• **What to do**
Only the lines from the one containing "翻译件-FM-自动断电煮蛋器-1226640_03.jpg" through the one containing "2212 State Highway" should be printed, exactly as they appear below, with both ends included.
::: Information shown
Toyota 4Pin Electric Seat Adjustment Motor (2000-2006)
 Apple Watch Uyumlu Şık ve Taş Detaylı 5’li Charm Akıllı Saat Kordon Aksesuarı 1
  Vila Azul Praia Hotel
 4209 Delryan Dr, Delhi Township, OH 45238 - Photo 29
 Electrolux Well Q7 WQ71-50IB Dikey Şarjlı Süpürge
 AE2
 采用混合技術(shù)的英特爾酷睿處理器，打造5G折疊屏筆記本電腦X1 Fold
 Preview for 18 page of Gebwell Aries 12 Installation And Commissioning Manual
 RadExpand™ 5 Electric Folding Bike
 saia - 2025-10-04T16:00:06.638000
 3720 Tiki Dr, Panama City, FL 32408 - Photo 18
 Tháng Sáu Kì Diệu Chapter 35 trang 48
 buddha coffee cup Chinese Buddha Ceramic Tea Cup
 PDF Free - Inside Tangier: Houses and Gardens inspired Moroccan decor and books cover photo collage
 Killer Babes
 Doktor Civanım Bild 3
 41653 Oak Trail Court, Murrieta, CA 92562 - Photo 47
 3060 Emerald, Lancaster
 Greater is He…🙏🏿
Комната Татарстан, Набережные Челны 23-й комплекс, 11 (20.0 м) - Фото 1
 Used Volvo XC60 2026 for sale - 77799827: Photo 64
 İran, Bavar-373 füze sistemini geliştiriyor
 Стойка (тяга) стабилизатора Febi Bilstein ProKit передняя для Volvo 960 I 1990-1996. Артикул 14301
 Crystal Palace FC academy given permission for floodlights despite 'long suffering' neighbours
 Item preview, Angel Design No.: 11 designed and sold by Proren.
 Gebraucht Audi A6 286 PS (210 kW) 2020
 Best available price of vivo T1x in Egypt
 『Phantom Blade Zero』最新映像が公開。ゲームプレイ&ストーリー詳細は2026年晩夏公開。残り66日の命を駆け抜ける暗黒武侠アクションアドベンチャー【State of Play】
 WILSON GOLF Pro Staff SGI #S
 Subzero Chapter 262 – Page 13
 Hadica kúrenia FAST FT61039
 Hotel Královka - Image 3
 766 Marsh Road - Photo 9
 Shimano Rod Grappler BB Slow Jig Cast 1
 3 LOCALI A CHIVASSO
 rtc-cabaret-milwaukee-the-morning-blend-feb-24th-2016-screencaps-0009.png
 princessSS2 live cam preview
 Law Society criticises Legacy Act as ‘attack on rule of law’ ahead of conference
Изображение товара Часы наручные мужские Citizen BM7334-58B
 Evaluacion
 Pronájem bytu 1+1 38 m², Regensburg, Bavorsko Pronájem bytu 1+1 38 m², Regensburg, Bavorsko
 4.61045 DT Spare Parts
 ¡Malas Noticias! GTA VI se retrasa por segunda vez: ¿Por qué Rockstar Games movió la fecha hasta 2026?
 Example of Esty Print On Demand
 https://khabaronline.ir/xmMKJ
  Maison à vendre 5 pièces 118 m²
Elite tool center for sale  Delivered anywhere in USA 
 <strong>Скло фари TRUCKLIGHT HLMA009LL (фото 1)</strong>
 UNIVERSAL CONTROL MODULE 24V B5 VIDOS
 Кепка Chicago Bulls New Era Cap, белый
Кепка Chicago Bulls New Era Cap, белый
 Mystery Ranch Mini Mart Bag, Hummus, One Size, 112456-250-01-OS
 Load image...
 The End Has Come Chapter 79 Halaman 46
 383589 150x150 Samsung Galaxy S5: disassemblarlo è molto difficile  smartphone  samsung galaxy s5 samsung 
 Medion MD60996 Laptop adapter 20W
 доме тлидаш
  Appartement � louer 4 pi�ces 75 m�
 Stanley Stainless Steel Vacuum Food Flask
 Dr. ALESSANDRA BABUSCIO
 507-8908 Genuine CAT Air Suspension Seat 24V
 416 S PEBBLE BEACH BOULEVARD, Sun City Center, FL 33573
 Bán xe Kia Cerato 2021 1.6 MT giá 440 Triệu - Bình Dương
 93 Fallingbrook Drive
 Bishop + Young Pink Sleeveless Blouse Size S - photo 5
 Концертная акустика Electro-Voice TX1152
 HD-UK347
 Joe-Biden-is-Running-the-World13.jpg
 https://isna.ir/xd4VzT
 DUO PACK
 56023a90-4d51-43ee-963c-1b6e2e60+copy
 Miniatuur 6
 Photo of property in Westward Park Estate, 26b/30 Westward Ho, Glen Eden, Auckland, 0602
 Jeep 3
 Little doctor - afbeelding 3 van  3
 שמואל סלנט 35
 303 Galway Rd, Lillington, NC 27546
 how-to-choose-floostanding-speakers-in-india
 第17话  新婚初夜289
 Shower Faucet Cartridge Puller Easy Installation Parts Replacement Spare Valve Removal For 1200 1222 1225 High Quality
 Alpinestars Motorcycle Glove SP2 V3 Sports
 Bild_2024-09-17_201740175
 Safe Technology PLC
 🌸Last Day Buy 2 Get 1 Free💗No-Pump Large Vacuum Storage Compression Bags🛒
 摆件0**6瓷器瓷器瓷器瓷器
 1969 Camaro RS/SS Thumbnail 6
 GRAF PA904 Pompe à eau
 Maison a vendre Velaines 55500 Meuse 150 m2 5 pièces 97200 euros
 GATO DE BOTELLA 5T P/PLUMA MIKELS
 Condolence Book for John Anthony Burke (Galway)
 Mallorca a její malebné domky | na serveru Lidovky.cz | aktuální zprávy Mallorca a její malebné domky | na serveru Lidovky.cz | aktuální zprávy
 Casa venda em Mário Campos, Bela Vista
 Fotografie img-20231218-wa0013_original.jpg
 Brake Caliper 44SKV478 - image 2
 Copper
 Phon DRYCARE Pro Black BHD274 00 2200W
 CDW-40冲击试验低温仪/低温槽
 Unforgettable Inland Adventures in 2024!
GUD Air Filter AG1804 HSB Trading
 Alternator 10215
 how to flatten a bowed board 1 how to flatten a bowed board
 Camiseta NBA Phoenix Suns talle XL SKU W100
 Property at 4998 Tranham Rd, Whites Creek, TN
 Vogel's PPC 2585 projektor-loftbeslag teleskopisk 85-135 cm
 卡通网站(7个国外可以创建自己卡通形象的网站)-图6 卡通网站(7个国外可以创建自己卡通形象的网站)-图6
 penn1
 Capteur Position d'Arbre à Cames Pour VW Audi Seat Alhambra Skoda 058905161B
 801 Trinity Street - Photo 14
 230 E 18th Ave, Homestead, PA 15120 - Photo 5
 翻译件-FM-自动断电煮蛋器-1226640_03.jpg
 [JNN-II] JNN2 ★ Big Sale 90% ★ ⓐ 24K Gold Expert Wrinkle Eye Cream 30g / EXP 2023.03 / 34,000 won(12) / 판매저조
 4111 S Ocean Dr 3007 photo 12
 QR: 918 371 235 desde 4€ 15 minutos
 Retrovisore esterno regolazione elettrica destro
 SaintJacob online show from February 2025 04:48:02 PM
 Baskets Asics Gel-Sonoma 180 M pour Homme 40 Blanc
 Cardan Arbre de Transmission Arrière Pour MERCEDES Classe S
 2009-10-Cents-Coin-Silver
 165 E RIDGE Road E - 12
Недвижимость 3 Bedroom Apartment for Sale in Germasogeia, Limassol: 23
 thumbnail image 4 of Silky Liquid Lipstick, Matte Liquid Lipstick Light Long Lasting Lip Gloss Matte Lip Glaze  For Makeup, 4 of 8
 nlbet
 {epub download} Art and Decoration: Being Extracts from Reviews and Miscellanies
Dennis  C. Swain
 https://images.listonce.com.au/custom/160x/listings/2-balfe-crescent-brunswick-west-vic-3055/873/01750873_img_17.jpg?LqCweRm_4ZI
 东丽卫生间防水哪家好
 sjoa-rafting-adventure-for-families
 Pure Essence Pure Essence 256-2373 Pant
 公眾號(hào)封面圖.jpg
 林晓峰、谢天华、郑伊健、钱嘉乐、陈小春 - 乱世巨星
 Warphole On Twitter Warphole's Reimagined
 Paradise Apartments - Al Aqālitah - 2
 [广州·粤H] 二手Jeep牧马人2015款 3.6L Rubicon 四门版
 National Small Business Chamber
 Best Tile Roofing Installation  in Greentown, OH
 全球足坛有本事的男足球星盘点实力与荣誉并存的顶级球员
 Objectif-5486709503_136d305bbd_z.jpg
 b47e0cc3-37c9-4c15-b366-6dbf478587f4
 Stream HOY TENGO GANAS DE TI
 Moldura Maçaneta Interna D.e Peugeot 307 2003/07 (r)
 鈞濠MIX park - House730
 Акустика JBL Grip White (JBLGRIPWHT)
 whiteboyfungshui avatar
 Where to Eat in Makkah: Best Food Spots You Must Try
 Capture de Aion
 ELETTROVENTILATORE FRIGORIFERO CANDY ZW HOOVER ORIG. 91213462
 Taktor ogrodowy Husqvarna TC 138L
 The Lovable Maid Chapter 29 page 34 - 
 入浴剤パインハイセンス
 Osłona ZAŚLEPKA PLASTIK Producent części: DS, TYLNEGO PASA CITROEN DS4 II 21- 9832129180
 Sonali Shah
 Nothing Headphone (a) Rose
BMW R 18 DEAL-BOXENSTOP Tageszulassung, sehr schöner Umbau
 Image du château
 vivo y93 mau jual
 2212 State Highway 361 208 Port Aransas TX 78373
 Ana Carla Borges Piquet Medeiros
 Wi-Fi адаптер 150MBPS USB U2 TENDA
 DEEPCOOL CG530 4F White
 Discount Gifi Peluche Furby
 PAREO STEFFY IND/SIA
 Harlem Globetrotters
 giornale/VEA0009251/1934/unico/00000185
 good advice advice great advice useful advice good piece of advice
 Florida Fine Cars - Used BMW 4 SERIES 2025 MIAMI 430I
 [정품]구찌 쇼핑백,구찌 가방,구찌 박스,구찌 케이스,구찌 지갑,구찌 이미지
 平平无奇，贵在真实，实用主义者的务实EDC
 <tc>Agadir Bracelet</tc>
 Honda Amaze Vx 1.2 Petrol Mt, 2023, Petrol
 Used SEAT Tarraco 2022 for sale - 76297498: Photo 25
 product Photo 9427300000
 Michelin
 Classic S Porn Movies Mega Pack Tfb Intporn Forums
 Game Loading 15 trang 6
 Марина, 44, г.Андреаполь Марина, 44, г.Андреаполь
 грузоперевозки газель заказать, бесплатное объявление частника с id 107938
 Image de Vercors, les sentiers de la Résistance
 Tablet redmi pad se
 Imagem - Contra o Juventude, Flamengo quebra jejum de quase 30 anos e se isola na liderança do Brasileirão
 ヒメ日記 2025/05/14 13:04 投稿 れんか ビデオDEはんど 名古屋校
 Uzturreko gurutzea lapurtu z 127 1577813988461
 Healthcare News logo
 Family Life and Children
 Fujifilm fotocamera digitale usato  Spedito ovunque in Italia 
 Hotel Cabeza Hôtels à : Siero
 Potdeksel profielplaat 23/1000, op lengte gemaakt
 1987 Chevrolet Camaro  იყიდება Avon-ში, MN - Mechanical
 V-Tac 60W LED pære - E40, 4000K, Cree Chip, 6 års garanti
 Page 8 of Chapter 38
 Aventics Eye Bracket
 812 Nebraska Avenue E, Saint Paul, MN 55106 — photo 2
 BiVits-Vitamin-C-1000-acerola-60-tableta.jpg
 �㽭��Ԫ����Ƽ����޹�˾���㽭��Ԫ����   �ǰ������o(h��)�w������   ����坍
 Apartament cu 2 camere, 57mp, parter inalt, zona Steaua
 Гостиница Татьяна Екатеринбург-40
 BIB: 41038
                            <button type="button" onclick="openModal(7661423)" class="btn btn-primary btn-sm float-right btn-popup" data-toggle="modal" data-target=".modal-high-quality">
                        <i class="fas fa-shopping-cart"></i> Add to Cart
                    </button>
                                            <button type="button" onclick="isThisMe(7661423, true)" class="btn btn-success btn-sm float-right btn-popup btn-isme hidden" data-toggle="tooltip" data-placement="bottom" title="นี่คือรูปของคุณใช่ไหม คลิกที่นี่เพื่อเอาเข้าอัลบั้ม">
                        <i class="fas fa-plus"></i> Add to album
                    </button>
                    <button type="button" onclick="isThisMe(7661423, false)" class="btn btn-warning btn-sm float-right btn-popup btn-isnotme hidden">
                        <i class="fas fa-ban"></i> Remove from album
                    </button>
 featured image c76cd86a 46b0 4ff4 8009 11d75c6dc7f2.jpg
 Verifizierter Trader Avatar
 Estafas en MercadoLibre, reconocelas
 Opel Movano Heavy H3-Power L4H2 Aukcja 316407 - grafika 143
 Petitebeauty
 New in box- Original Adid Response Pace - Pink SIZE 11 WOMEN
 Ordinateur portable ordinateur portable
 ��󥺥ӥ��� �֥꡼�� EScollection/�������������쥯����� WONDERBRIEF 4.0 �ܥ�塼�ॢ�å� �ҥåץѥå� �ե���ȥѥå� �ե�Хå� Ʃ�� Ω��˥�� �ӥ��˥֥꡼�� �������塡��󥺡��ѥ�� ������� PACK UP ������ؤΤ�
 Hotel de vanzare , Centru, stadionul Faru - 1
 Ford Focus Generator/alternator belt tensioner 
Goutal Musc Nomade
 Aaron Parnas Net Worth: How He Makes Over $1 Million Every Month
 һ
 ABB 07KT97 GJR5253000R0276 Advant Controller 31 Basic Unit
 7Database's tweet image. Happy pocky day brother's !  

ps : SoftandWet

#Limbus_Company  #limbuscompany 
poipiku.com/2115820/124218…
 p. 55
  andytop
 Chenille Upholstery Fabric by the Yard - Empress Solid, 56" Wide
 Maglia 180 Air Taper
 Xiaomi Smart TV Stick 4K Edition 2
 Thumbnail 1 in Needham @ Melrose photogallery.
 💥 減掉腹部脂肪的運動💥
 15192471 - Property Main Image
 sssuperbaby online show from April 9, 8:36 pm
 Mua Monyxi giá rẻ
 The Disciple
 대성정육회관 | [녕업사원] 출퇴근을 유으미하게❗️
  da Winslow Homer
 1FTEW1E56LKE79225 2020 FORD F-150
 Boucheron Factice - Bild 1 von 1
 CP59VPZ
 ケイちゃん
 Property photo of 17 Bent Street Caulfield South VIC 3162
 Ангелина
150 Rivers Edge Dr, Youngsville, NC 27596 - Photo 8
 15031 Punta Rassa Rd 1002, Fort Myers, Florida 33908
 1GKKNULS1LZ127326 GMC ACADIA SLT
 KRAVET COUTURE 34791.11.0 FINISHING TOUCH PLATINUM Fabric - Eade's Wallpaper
::::::
• **Response to the exercise**
 翻译件-FM-自动断电煮蛋器-1226640_03.jpg
 [JNN-II] JNN2 ★ Big Sale 90% ★ ⓐ 24K Gold Expert Wrinkle Eye Cream 30g / EXP 2023.03 / 34,000 won(12) / 판매저조
 4111 S Ocean Dr 3007 photo 12
 QR: 918 371 235 desde 4€ 15 minutos
 Retrovisore esterno regolazione elettrica destro
 SaintJacob online show from February 2025 04:48:02 PM
 Baskets Asics Gel-Sonoma 180 M pour Homme 40 Blanc
 Cardan Arbre de Transmission Arrière Pour MERCEDES Classe S
 2009-10-Cents-Coin-Silver
 165 E RIDGE Road E - 12
Недвижимость 3 Bedroom Apartment for Sale in Germasogeia, Limassol: 23
 thumbnail image 4 of Silky Liquid Lipstick, Matte Liquid Lipstick Light Long Lasting Lip Gloss Matte Lip Glaze  For Makeup, 4 of 8
 nlbet
 {epub download} Art and Decoration: Being Extracts from Reviews and Miscellanies
Dennis  C. Swain
 https://images.listonce.com.au/custom/160x/listings/2-balfe-crescent-brunswick-west-vic-3055/873/01750873_img_17.jpg?LqCweRm_4ZI
 东丽卫生间防水哪家好
 sjoa-rafting-adventure-for-families
 Pure Essence Pure Essence 256-2373 Pant
 公眾號(hào)封面圖.jpg
 林晓峰、谢天华、郑伊健、钱嘉乐、陈小春 - 乱世巨星
 Warphole On Twitter Warphole's Reimagined
 Paradise Apartments - Al Aqālitah - 2
 [广州·粤H] 二手Jeep牧马人2015款 3.6L Rubicon 四门版
 National Small Business Chamber
 Best Tile Roofing Installation  in Greentown, OH
 全球足坛有本事的男足球星盘点实力与荣誉并存的顶级球员
 Objectif-5486709503_136d305bbd_z.jpg
 b47e0cc3-37c9-4c15-b366-6dbf478587f4
 Stream HOY TENGO GANAS DE TI
 Moldura Maçaneta Interna D.e Peugeot 307 2003/07 (r)
 鈞濠MIX park - House730
 Акустика JBL Grip White (JBLGRIPWHT)
 whiteboyfungshui avatar
 Where to Eat in Makkah: Best Food Spots You Must Try
 Capture de Aion
 ELETTROVENTILATORE FRIGORIFERO CANDY ZW HOOVER ORIG. 91213462
 Taktor ogrodowy Husqvarna TC 138L
 The Lovable Maid Chapter 29 page 34 - 
 入浴剤パインハイセンス
 Osłona ZAŚLEPKA PLASTIK Producent części: DS, TYLNEGO PASA CITROEN DS4 II 21- 9832129180
 Sonali Shah
 Nothing Headphone (a) Rose
BMW R 18 DEAL-BOXENSTOP Tageszulassung, sehr schöner Umbau
 Image du château
 vivo y93 mau jual
 2212 State Highway 361 208 Port Aransas TX 78373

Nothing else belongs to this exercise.